*** Begin section ***
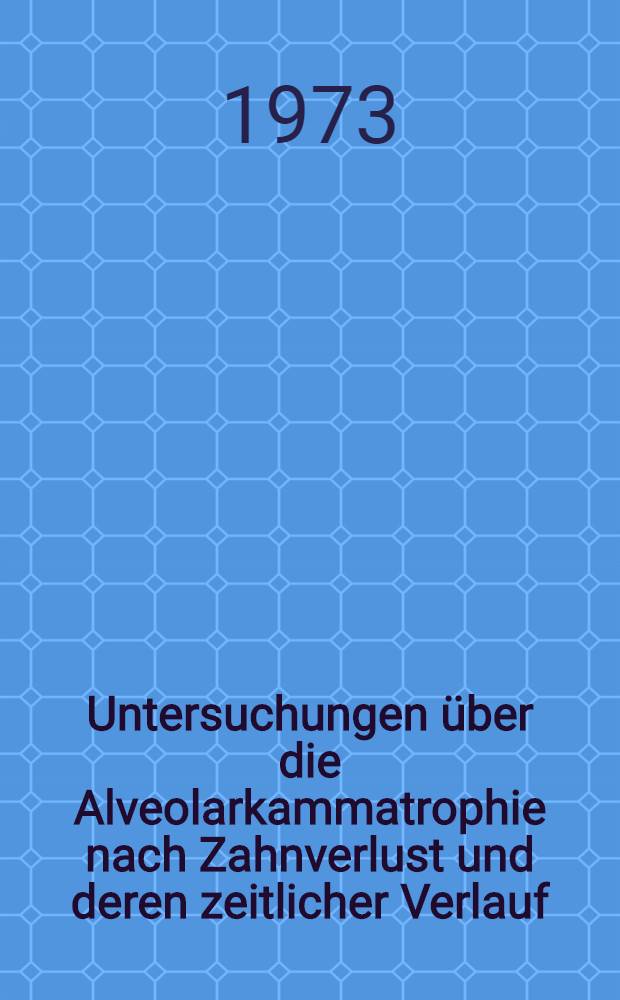 Untersuchungen &uuml;ber die Alveolarkammatrophie nach Zahnverlust und deren zeitlicher Verlauf : Inaug.-Diss. ... der Med. Fak. der ... Univ. zu T&uuml;bingen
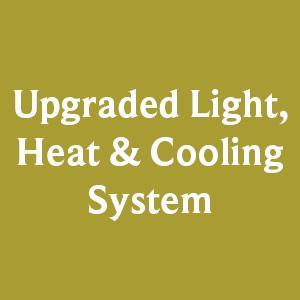 Upgraded Light, Heat & Cooling System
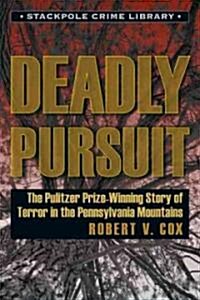 Deadly Pursuit (Paperback)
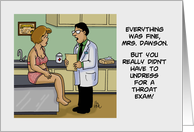 Humorous Acceptance To Medical School Card No Need To Undress card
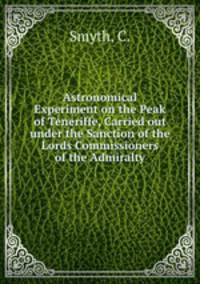 Astronomical Experiment on the Peak of Teneriffe, Carried out under the Sanction of the Lords Commissioners of the Admiralty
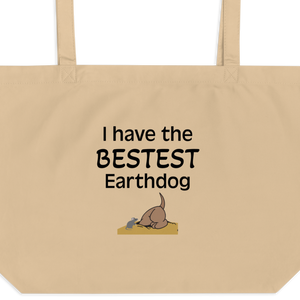 I Have the Bestest Earthdog X-Large Tote/ Shopping Bags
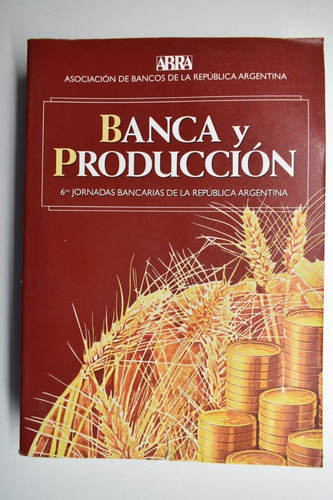 Banca Y Producción : Jornadas Bancarias De La República Ac70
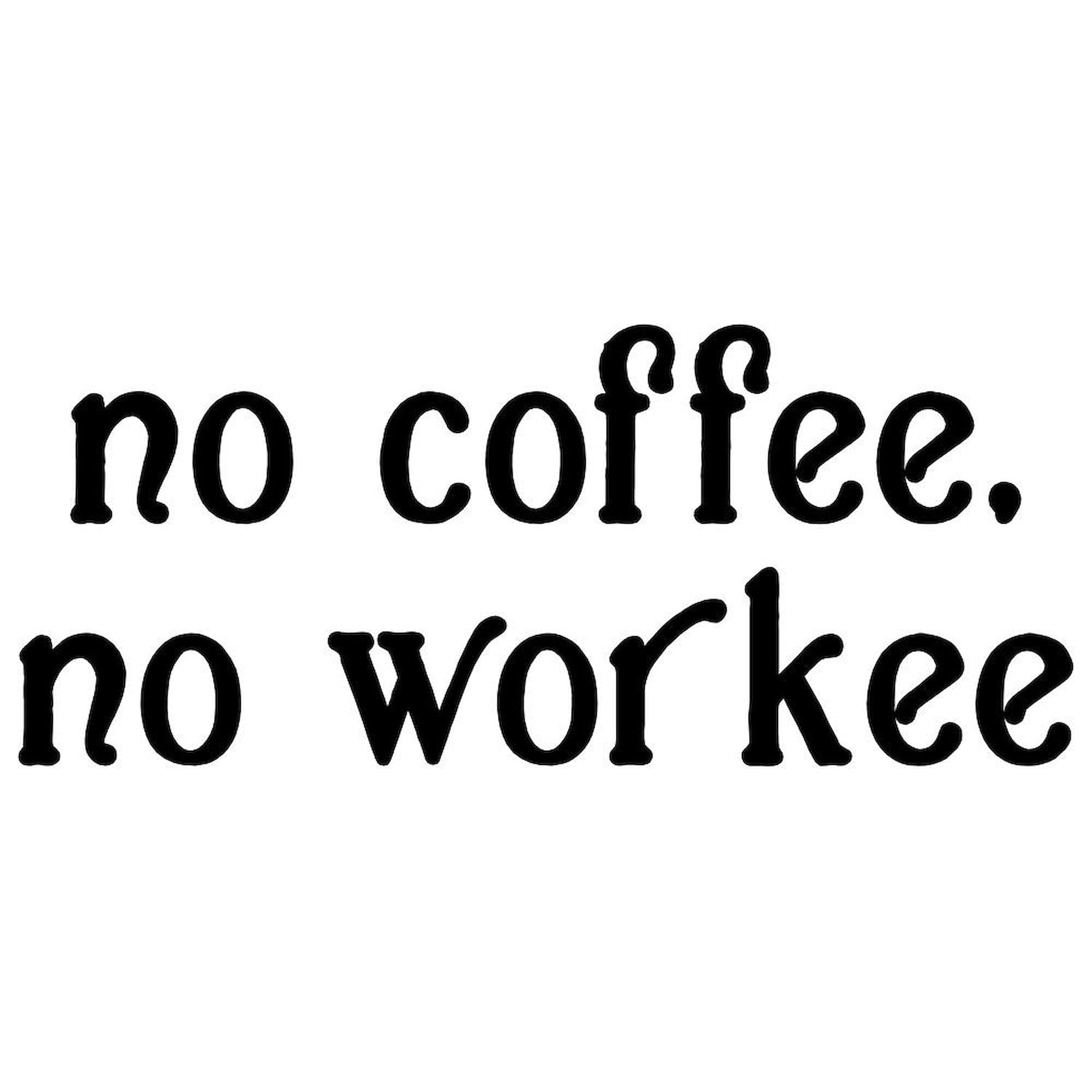 No Coffee No Workee 20 oz Insulated Stainless Steel Travel Mug - Double Wall Vacuum Coffee Tumbler for Hot & Cold Drinks - Perfect for Office, Commuting & Outdoor Adventures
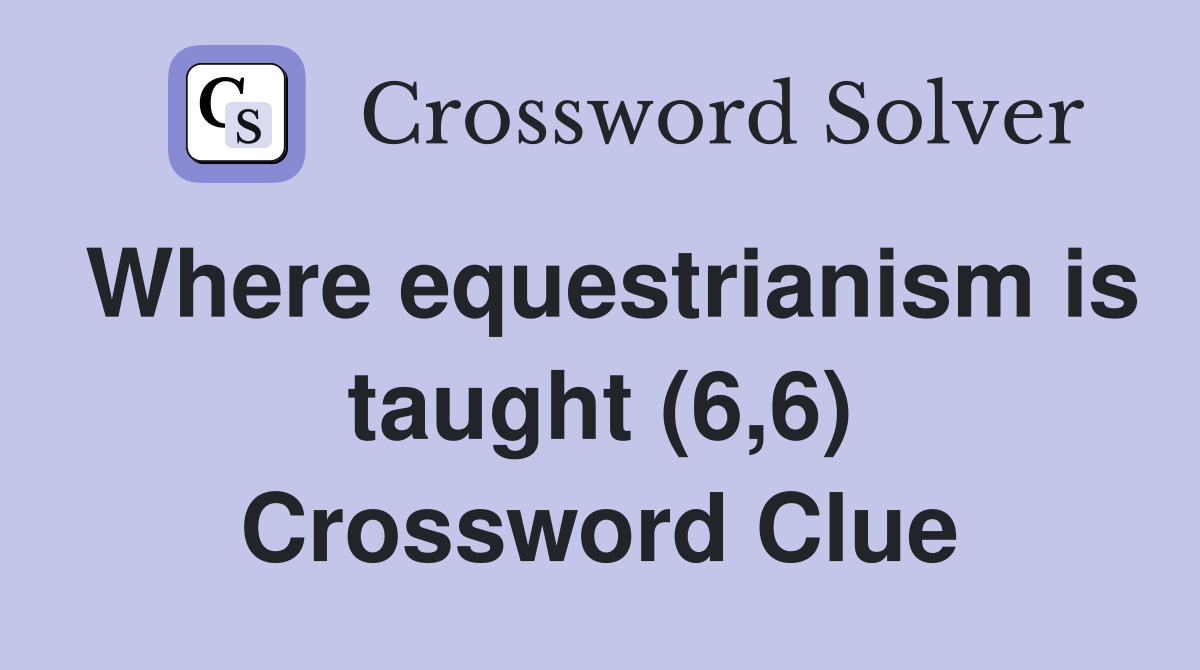 Where equestrianism is taught (6,6) Crossword Clue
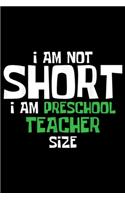 I am Not Short I am Preschool Teacher Size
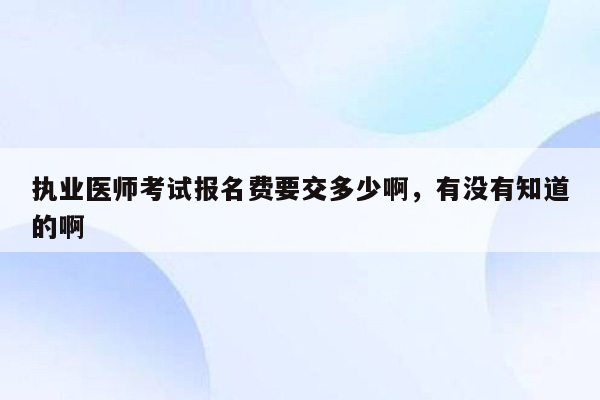 执业医师考试报名费要交多少啊，有没有知道的啊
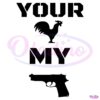 Your Cock My Glock Funny Meme SVG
*** End section ***
Brief: Every line from the one holding "Astronomical Experiment on" through the end of the records above must be reproduced verbatim, pictures excepted.

Task response:
 Astronomical Experiment on the Peak of Teneriffe, Carried out under the Sanction of the Lords Commissioners of the Admiralty
 I Have the Bestest Earthdog X-Large Tote/ Shopping Bags
 Banca Y Producción : Jornadas Bancarias De La República Ac70
 No Coffee No Workee 20 oz Insulated Stainless Steel Travel Mug - Double Wall Vacuum Coffee Tumbler for Hot & Cold Drinks - Perfect for Office, Commuting & Outdoor Adventures
 Where equestrianism is taught (6,6) Crossword Clue
 I am Not Short I am Preschool Teacher Size
 执业医师考试报名费要交多少啊，有没有知道的啊
 Your Cock My Glock Funny Meme SVG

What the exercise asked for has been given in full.